I don't remember the exact quote, but the gist of it was that creativity can destroy you.
We usually think about creativity as the creation of something new--something out of nothing--whether it's a story or a song, a painting or a performance. Even if, like a dance or a song, it is performed this was only this one time and can't be re-experienced that way again, it is still something that is created. It's something that is added to the world, not subtracted.
So why might creativity destroy you?
Too often, I show something I have sewn to a friend or talk to someone else about a story I've written, or whatever, and that person says 'You're so creative. I'm not creative'. And my reaction--internal or external--is WHA? I just don't get it, how people completely cut off this part of themselves and say that they are not creative.

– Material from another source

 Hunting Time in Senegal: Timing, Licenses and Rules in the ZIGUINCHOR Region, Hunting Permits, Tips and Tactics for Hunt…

To me it's like saying you're not able to breathe. I want to say to those people, maybe you haven't found your thing yet. Not everyone can sew or paint or draw or bake or write. But there has to be *something* everyone can do that's creative. And by creative, I don't mean brilliant or perfect or genius. I just mean taking nothing--or a pile of bits & pieces of fabric or wood or, hell, ping-pong balls--and making something new out of it.
Perhaps that's the point:
Making something out of nothing can be terrifying. There is danger there. You share it and you open yourself to judgment. What many people don't realize is that positive feedback can be as bad as negative feedback. If you make something that others say is wonderful, you will be expected to do it again. Even worse, you will expect it from yourself. That voice--the one that says everything you make is shit--will never shut up. You likely thought that first thing you made was crap, so when someone said it was great you learned that your own judgement of your work is wrong to some degree. So imagine how difficult it is to judge your 2nd and 3rd and 735th creation?

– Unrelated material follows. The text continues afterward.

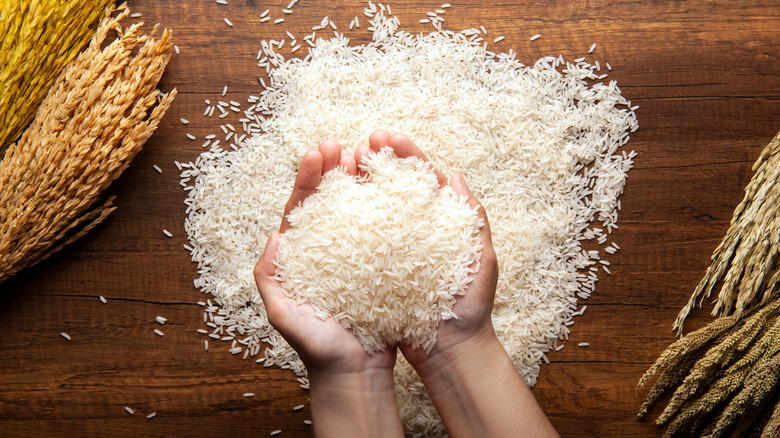 Rice held by two hands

And what if you can't get it out of your head? What it you have this image in your head, or a melody or a voice, and no matter how hard you work or how many different ways you try, you can't get the goddamn thing out of your echo-chamber of a head and onto the page or canvas? You eat, breathe, sleep, walk this idea, but if you can't create it, you can't put it to rest.
Your creativity can destroy you.
It will steal time from your life. It will steal attention from your friends and family. It will be a constant voice in your head, asking you what the fuck you think you're doing, writing stories or painting portraits or building furniture or weaving baskets underwater or writing code or baking 17-tier cakes or making films in your back yard. And, in the end, there is no guarantee that you will ever have an audience. You may end up with a pile of stuff taking up physical space as well as huge mental space in your life.

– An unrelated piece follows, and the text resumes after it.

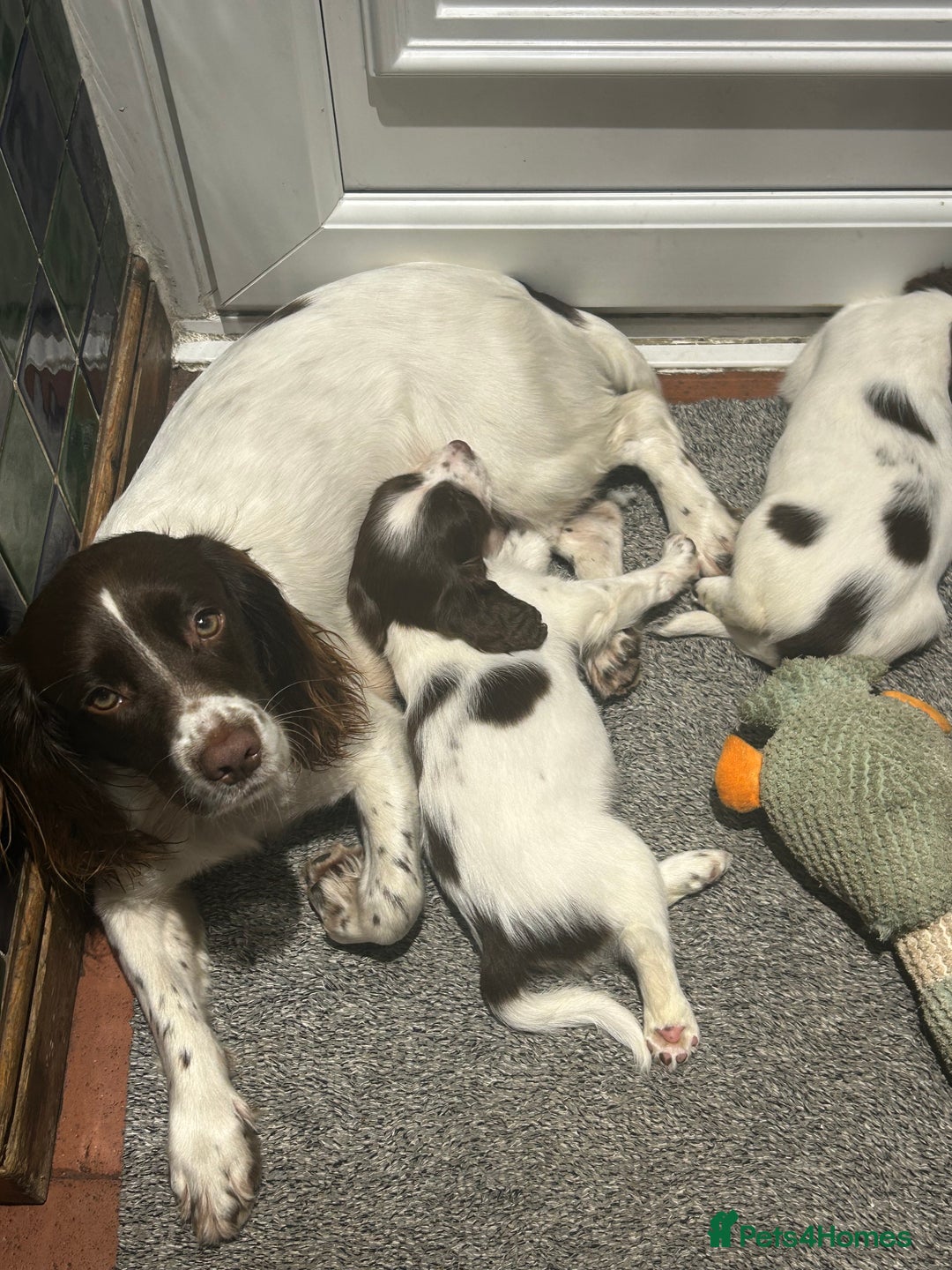 English Springer Spaniel dogs for sale: English springer spaniel puppies for sale - Image 8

But if you don't try, you will come to the end of your life with the regret that you never attempted to make a creative mark in your own life. And that is a sort of destruction--the destruction of your own soul--that I don't want to consider.
And, finally, consider the term 'creativity'. It isn't a product or a thing, but the possibility. One of the speakers explained creativity as problem solving. If we use that to expand your definition of creativity, we learn that just living is creative. Parenting, studying, working (at a desk or out of the office), and sports, among other activities, are all opportunities to solve problems. Creativity, then, can be a force of making rather than destroying, and we are all, ultimately, creative.